Done well, however, backstory is an excellent narrative device. I love reading backstory for the same reason that I will corner you at a party and ask you questions that span the entirety of your whole goddamn life: because I want to know what makes people tick.

Backstory can also build suspense. Case in point: my new novel. Who are these characters? Why did they get sent to the middle of nowhere? And how in the world will they ever get home? While working on this book, I've learned a few things about writing backstory that I've digested into advice. (Take it or leave it.)

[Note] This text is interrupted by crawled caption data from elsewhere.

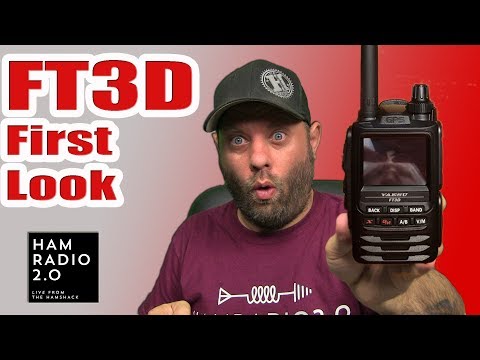 Yaesu FT3D System Fusion HT - First Look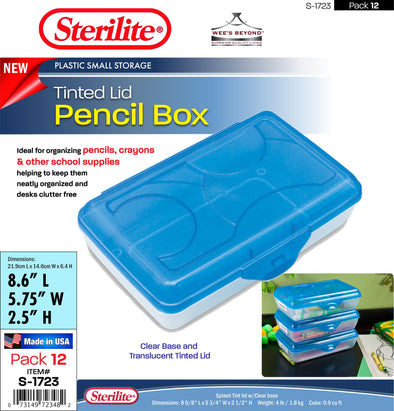 sterilite large pencil box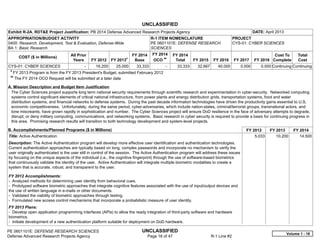 DARPA Budget FY2014 | PDF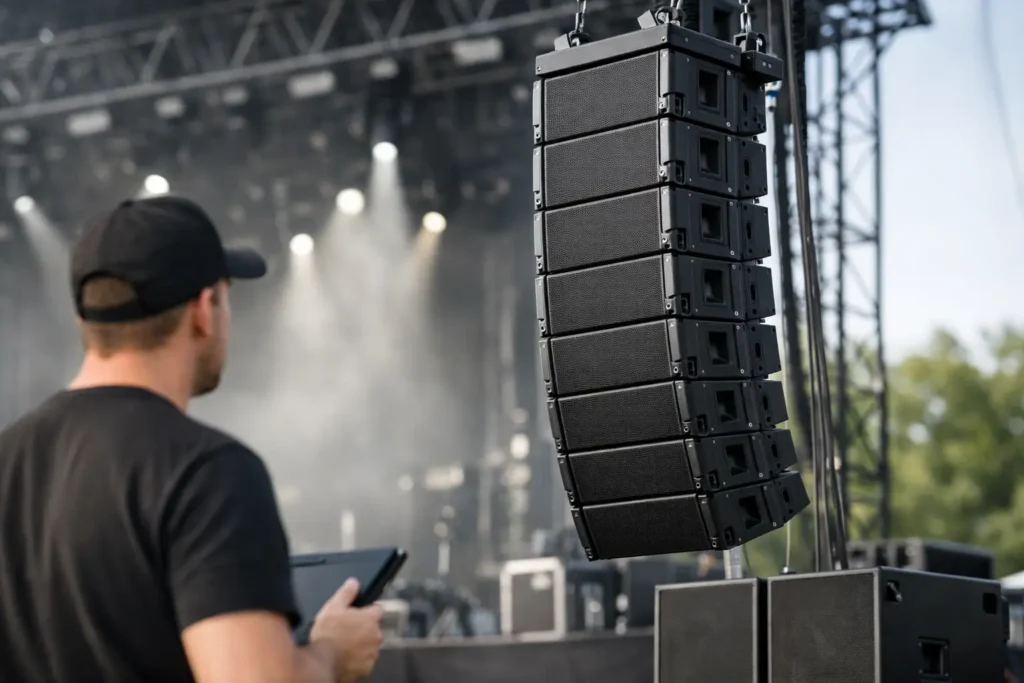 Cómo elegir audio line array para tu evento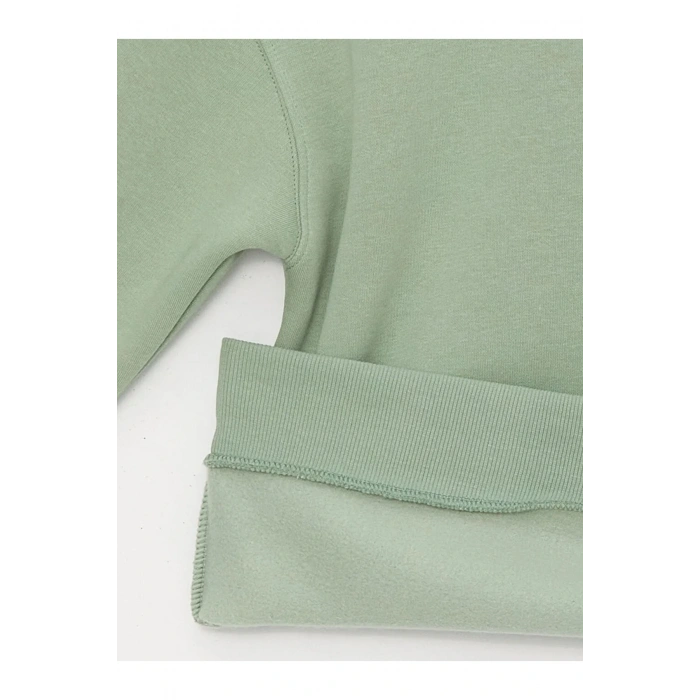 LCW Casual Bisiklet Yaka Nakışlı Uzun Kollu Oversize Kadın Sweatshirt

1) Open a chapter with backstory. Are you trying to weave backstory into present action seamlessly, but it comes out sounding like our good friend Traci? Stop doing that. Instead of "weaving," position your backstory at the beginning of a new chapter. Then hit 'return' a few times, switch to whatever style, POV and tense you've chosen for your main story and boom -- you did it. You went from main story to backstory to main story again! Trust me, this is much less annoying than the Traci method. (By the way, I spoke to Joy Fielding about backstory two years ago, and she shared this sentiment.)

2) Spread the backstory around. Because I'm using it to build suspense, my backstory is on a slow-moving trajectory. This means I spread it around strategically. I even highlight it in blue so I can get a good view of how well I've divided it up throughout the manuscript.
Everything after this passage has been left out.